An example of this white supremacist terror to the professor was Hillary Clinton. She retweeted a Clinton tweet captioned “Dance break,” the professor then wrote, “The only break we want you to take is a break from white supremacy. Can you do that Hillary? Can you do that?”

The claim of white supremacy against Clinton may be related to critical race theory which believes America perpetuates white supremacy. Hillary Clinton has also been attacked by the #BlackLivesMatter movement for her husband’s 1994 crime bill, seen as “extensions of white supremacist violence against communities of color.”

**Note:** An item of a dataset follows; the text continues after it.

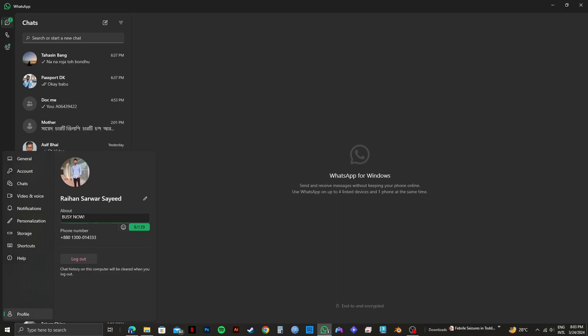Once you're done typing in your status, click on done. And as you can see, the status has been updated below about.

Fleming’s Twitter feed on Sept. 11 also included a quote from a black feminist who argued: “The fact that America has such days of remembrance for 9/11 but refuses to acknowledge systemic abuse of POC is an example of jingoism.” POC stands for “people of color” and jingoism is defined as “extreme patriotism” and an emphasis on war.

This fall Fleming is scheduled to teach “Ethnic and Race Relations,” according to Stony Brook’s fall schedule. The class looks at “the comparative experience of ethnic and other minority groups within the United States, including formation, migration, and conflict; prejudice, discrimination, and minority self-hatred,” an online description states.

She also blogs for The Huffington Post and wrote a piece in February titled, “#ThisIsLuv: A Black Bisexual Manifesto.”